"However, all other ethnic groups have average wages lower than for white British employees, with employees from the Bangladeshi ethnic group having the largest pay gap.
"However, once characteristics such as education and occupation are taken into account, the pay gap between white British and most other ethnic groups becomes narrower, though significant differences still remain."
The government has already introduced mandatory reporting on the gender pay gap - which stands at 9.6% in favor of men - and the ONS data also shows discrepancies in male and female earnings in the ethnic groups.
The Chinese and Indian groups, which both have the highest rate of hourly pay, were among those with the biggest gender gaps.

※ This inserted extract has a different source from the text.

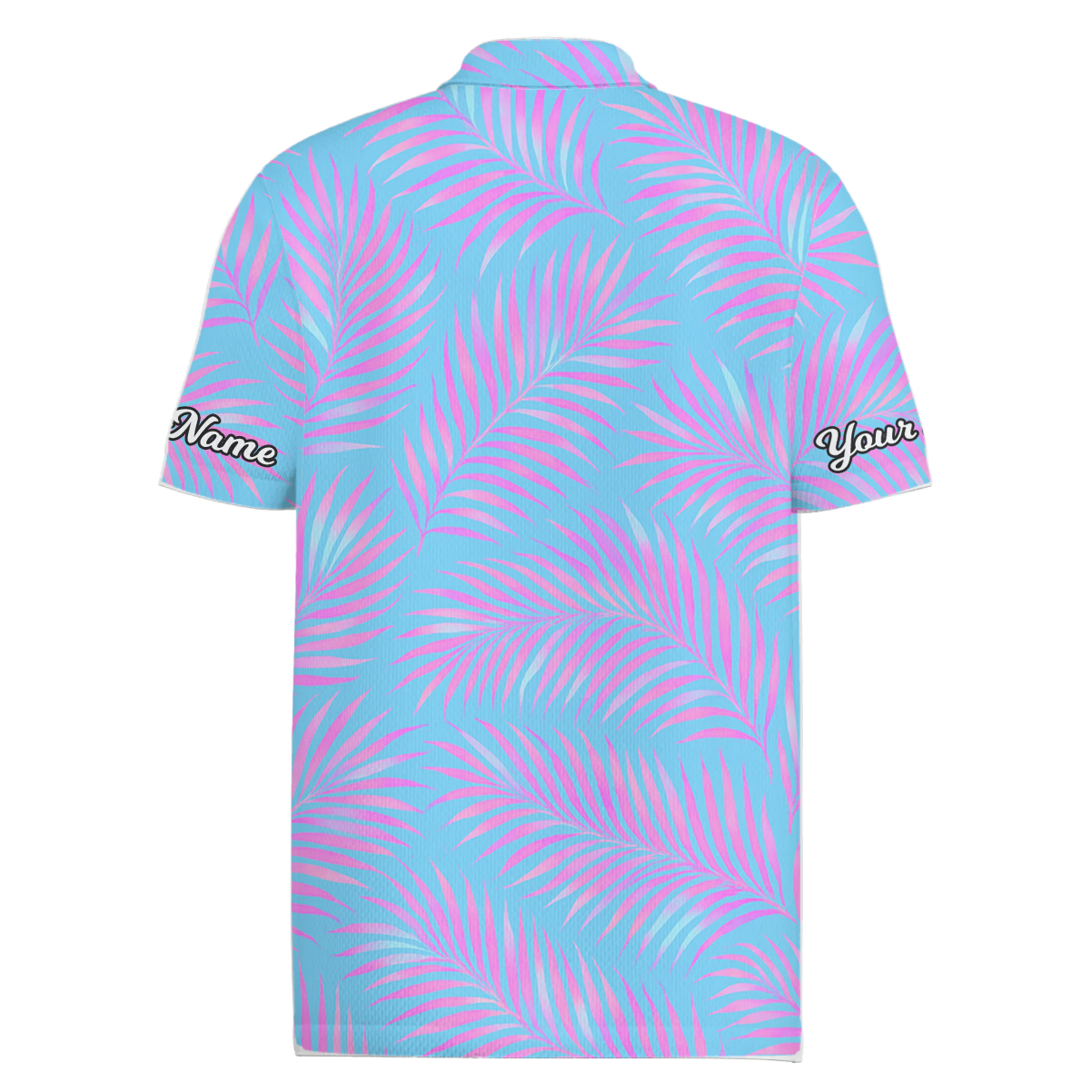 Personalized Men's Golf Polo Shirt Tropical Palm Blue Pink P4758 additional image 1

Chinese men on average earned 19.1% more than women and Indian men earned 23.2% more than women.
But women in the Bangladeshi ethnic group earn more than their male counterparts - with a 10.5% gap.

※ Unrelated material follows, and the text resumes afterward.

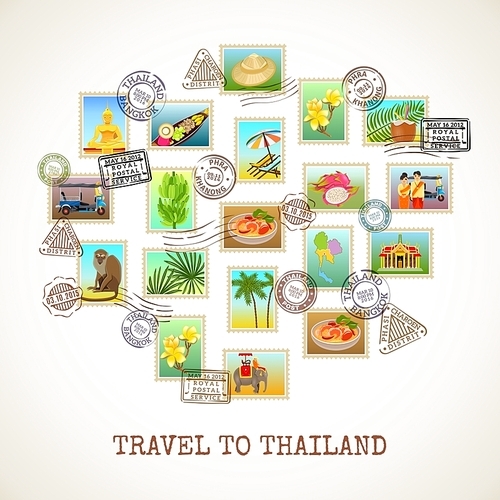 Thailand poster with images of postal stamps with sights flora and fauna of the country vector illustration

The ONS said, though, that the sample size for the Bangladeshi group was smaller and susceptible to inaccuracy compared with other ethnic groups.
The ONS says that where someone is born can have an influence on how much they are paid.

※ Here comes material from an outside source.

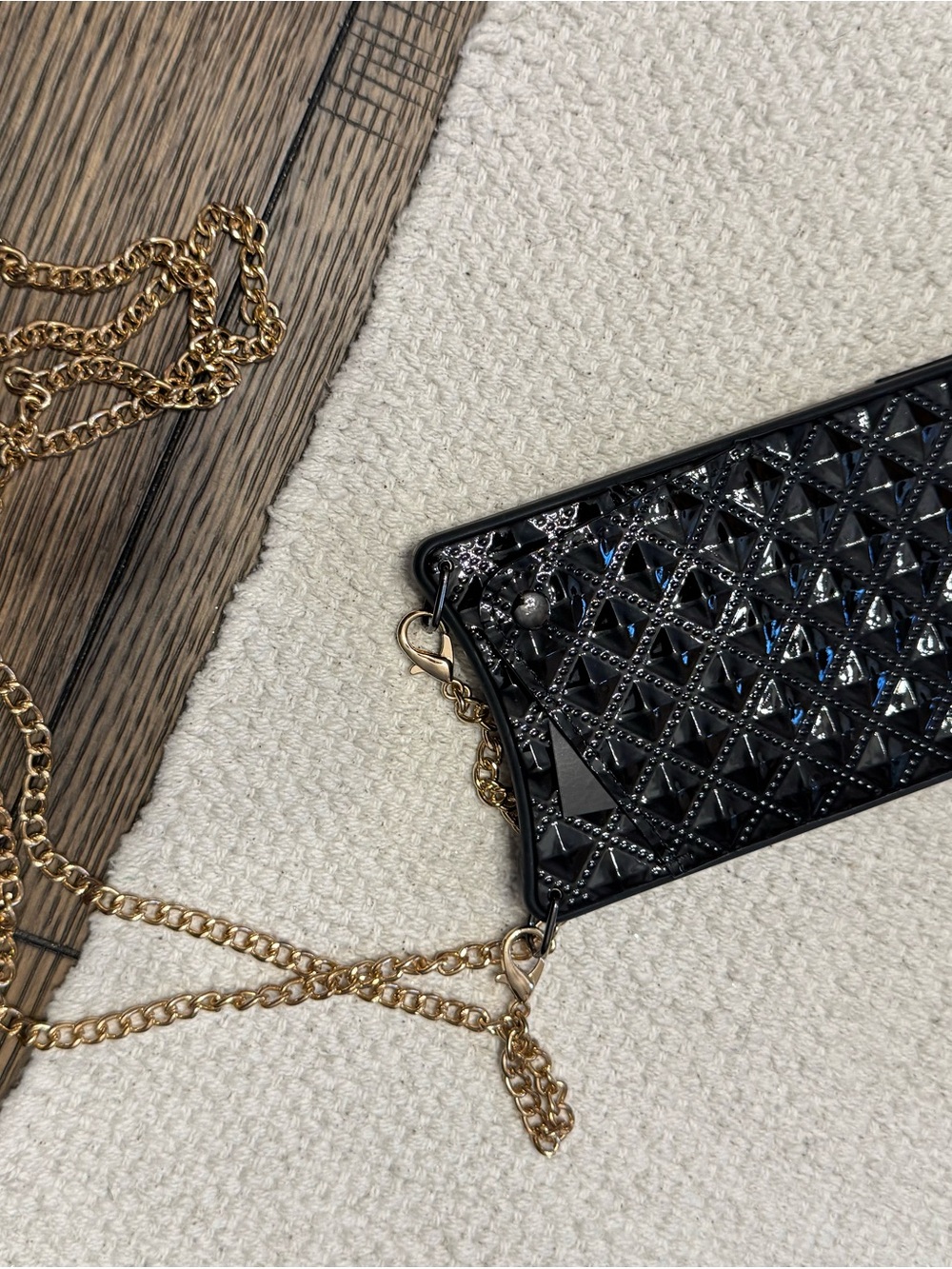 Bandolier Black Quilted Patent Crossbody Bag with Gold Chain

"By comparing those who were born in the UK and those who were not, it may give us an idea of what sort of effect having a UK education and the higher likelihood of speaking English as a first language may have on those from an ethnic minority background," the ONS said.
When taking other factors into account, such as education, UK-born employees in the Indian and Chinese ethnic groups do not have pay gaps that are "statistically different" from the UK-born white British employees, the ONS found.